Task material Start Marker

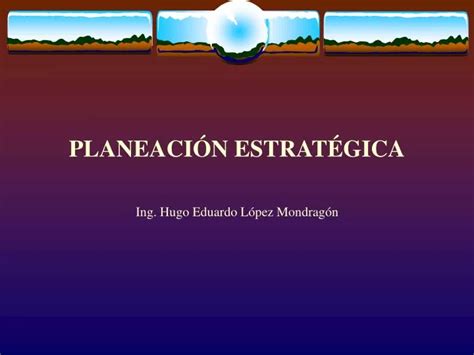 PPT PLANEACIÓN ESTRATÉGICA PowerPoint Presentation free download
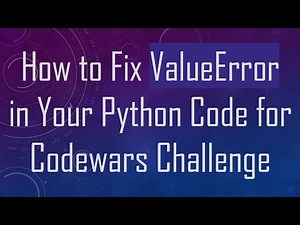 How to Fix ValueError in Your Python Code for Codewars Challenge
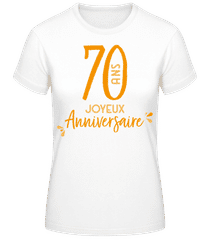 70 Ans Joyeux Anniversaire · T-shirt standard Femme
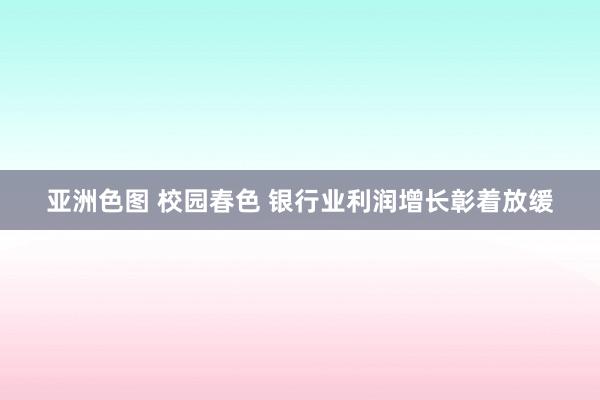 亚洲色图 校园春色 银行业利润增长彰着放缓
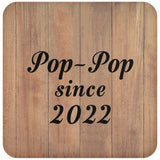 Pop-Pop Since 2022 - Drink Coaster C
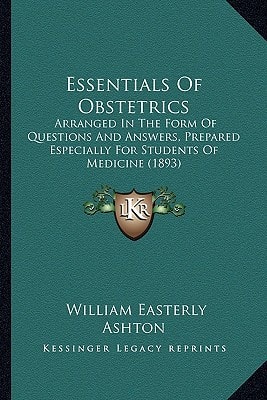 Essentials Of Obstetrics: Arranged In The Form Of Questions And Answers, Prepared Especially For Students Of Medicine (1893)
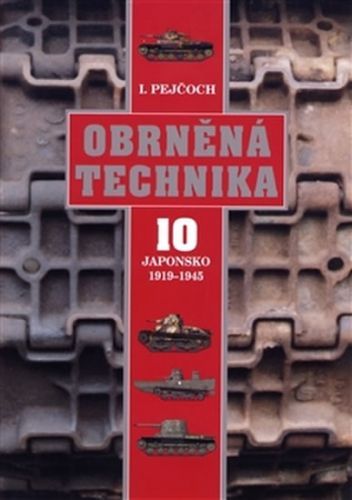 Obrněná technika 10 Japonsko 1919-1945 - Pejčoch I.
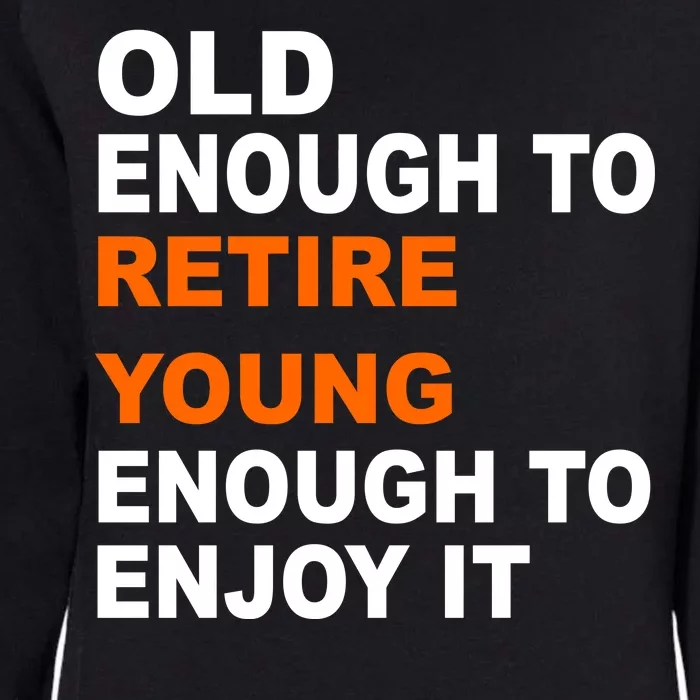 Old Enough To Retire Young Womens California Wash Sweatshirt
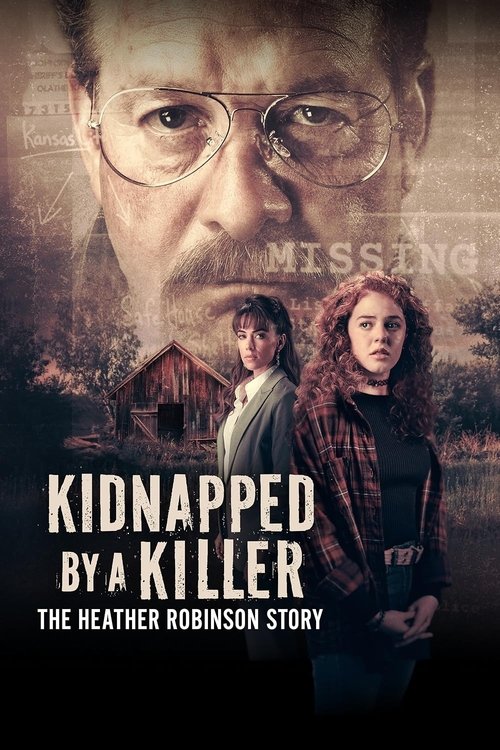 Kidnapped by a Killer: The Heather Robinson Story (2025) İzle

Task material End Marker
Task material Start Marker

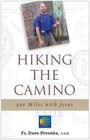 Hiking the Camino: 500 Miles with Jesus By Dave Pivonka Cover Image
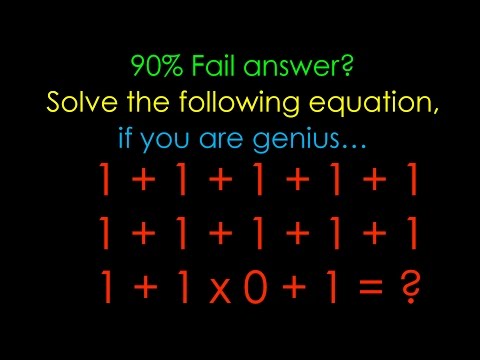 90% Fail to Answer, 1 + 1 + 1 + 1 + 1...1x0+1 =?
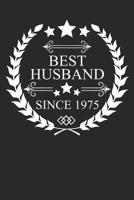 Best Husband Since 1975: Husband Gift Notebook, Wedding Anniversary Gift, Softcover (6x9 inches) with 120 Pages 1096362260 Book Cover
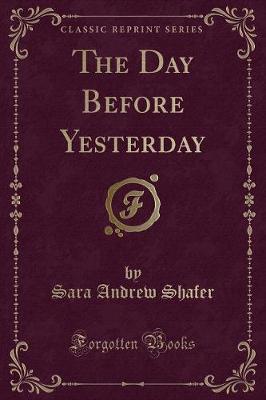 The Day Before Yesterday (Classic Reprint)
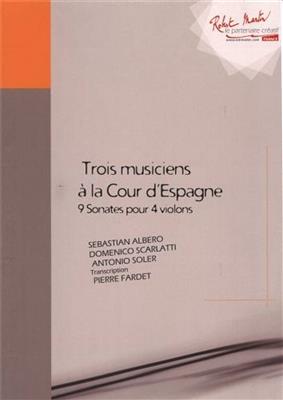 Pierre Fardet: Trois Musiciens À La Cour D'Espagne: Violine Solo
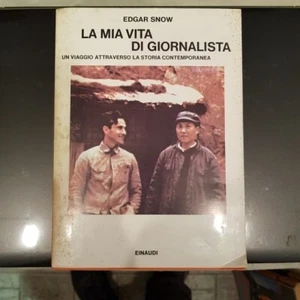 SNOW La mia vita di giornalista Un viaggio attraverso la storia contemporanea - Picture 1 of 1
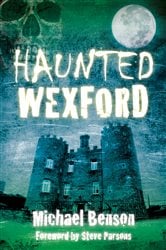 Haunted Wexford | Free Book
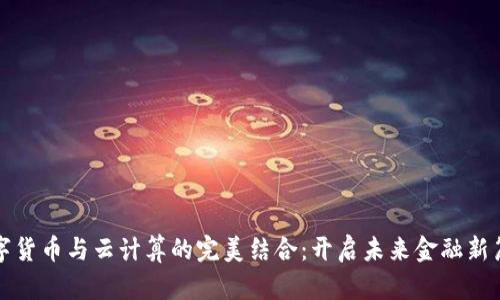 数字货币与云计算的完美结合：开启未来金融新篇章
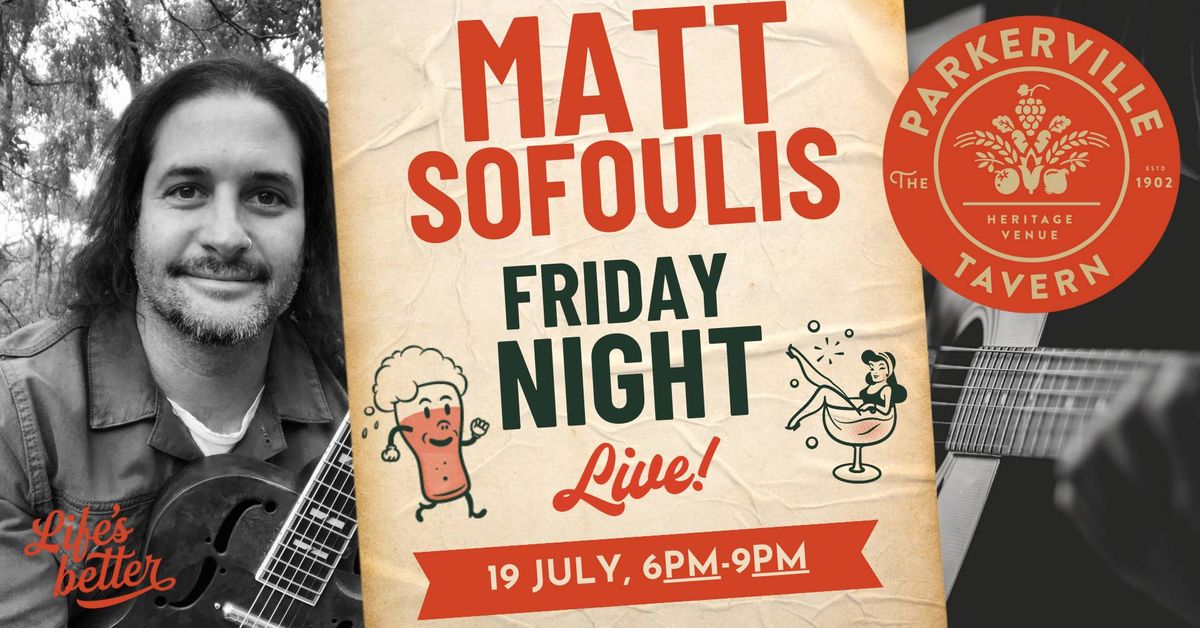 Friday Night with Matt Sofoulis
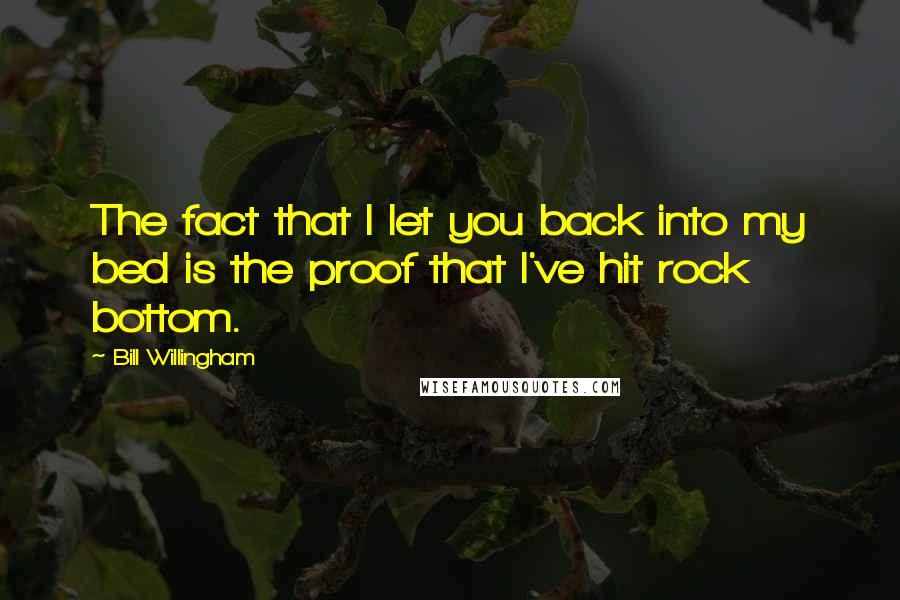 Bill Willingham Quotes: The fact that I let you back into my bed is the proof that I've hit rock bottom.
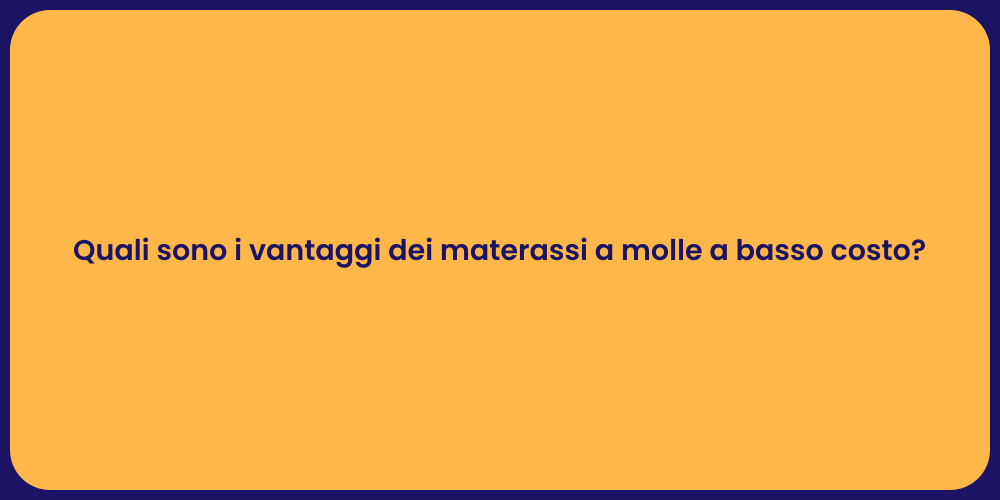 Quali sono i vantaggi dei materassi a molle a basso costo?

Task material End Marker

# Your task
Print an exact copy of the lines above, from the one containing "PPT PLANEACIÓN ESTRATÉGICA" through the one containing "Pop-Pop Since 2022 - Drink Coaster C", and leave out the pictures.

# Result of this task
 PPT PLANEACIÓN ESTRATÉGICA PowerPoint Presentation free download
 How to Fix ValueError in Your Python Code for Codewars Challenge
 70 Ans Joyeux Anniversaire · T-shirt standard Femme
 亚洲色图 校园春色 银行业利润增长彰着放缓
 Pop-Pop Since 2022 - Drink Coaster C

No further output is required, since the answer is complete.